Written by Tracy Dell’Angela | May 21, 2018 4:00:00 AM
We figured it would be a breeze recruiting families for our summer program. We hired creative, experienced, rock star teachers who wanted to reinvent summer learning with fun, hands-on projects. The camps would be small and collaborative. The kids would work with Legos and comics and mosaics. Most importantly for low-income and working-class families, the school district was covering the tuition costs, and a scholarship fund was helping with wraparound care for working families. Recruitment would be a piece of cake, right?

Not So Much

As a recent Wallace Foundation report points out, the stigma of “summer school” runs deep among students and parents—even if the benefits of regularly attending high-quality summer learning programs are high and kids gain an advantage in math and reading.
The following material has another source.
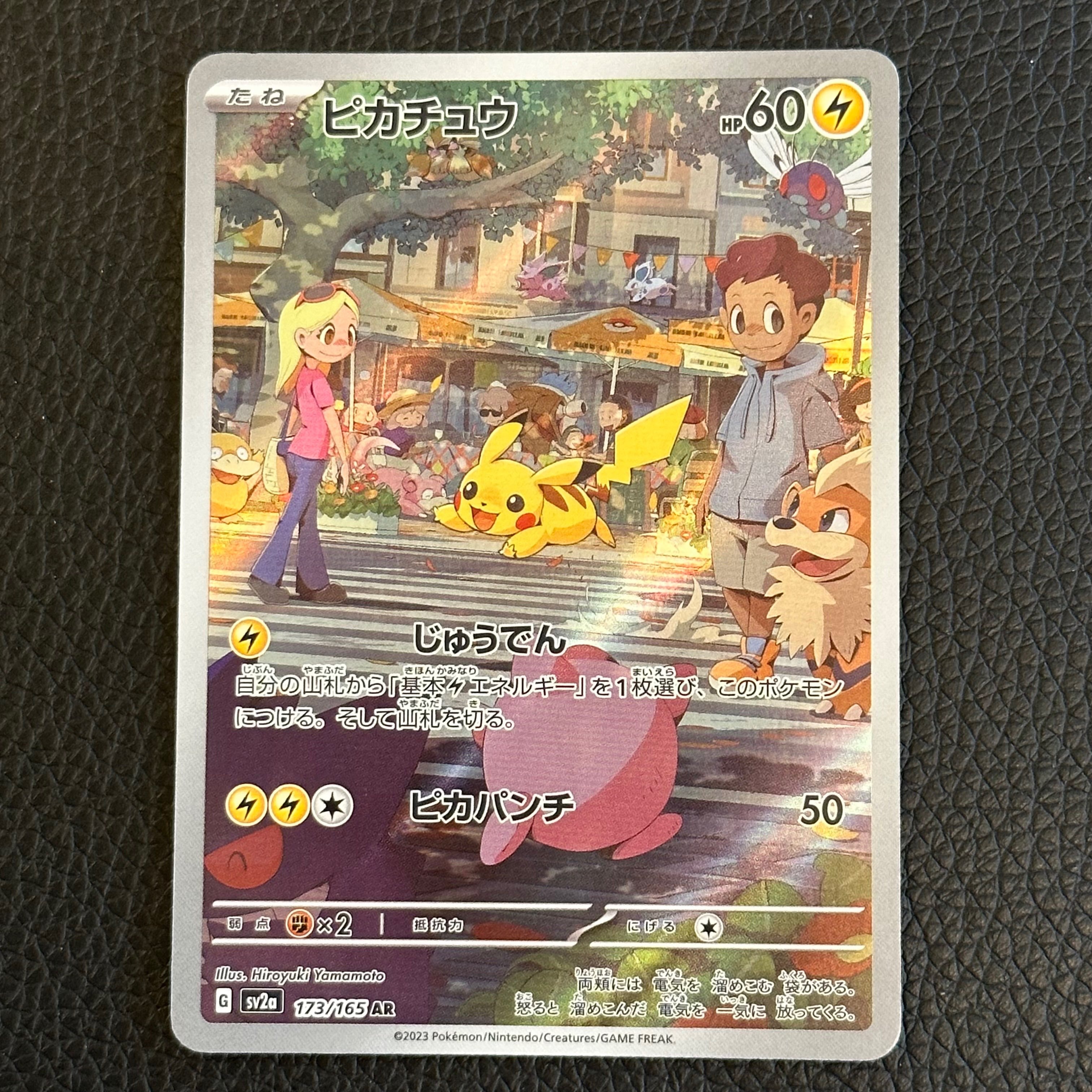ピカチュウ AR[SV2a 173/165](強化拡張パック「ポケモンカード151」)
The report came from lessons from the National Summer Learning Project (NSLP), the largest study ever to look at whether and how large-scale, voluntary summer learning programs offered by public school districts can help improve educational outcomes for children. It found that:
Many public school districts are seeking to expand or launch voluntary summer learning programs, especially for children from low-income families. These children experience setbacks over the summer compared to their more affluent peers. Most studies have found that students from low-income families learn less during the summer than do students from higher-income families. Plus, if students do experience summer learning loss, those from low-income neighborhoods experience larger losses over the summer compared to students from wealthier neighborhoods. Students from low-income communities also face an opportunity gap—they are less likely to have access to enriching, non-academic experiences than students from higher-income communities. Voluntary summer learning programs that offer a mix of academics and fun enrichment activities can help address these disparities, potentially helping students from low-income families achieve better academic and social-emotional outcomes.
The students who were invited to our program in a Chicago suburb had struggled academically (and behaviorally) during the school year and the hope was that a different model of learning—something fun in a classroom but more self-directed and less focused on benchmark tests—would help them re-imagine what school could be for them. But it’s hard to reimagine a summer of fun when you land in the same school building you just left a few weeks earlier—and when you don’t feel you don’t have much of a choice in whether you go or not. Districts can call these programs “voluntary,” but the subtext is clear: If your kid is struggling academically, they are expected to attend. We didn’t anticipate how much we needed to unpack the baggage of summer school and how hard it would be to do that in a school building with familiar teachers and classmates. We knew we were creating a warm, welcoming culture and helping students develop relationships with teachers, youth counselors and peers from neighboring schools. We also knew we couldn’t rebuild trust overnight—not in a week, or two weeks or even a month—especially among students who already didn’t feel great about school. The Wallace report offered some other valuable advice to districts and programs trying to address summer learning loss:
  • Parents are very protective of their children’s summers—they want their children to have fun during the summer and a break from what they perceive to be the hard work of the school year.
  • Parents believe that summer learning loss is real but they don’t see the urgency of addressing it. Only when parents were told that their child may fall behind over time, did parents recognize the need to take action.
  • Parents specifically mentioned these potential barriers to having their children take part: transportation, hours of operation, cost, location and proximity to home and the perceived safety of the site.
  • For parents to sign up their children for the summer learning program, they need to be convinced that they will like it.
  • Many of the parents don’t make summer plans until late in the school year.
We made some of those changes this summer. We doubled down on recruiting more scholarship families, and we got the information out to them early. We asked experienced summer camp families to act as “ambassadors” with their friends and neighbors, so those families can learn about the programs from moms they know and trust. We’re going to make transportation easier to coordinate by connecting parents through carpool lists. And we’re going to make sure parents know our teachers and can communicate about their learning needs—something that doesn’t typically happen in a summer environment. My experience taught us that kids can thrive and make remarkable learning gains when given the freedom to discover new skills in a safe, nurturing space. We also learned we need to spend a lot more time thinking about how we can get the kids who need us the most in the door, every day we can.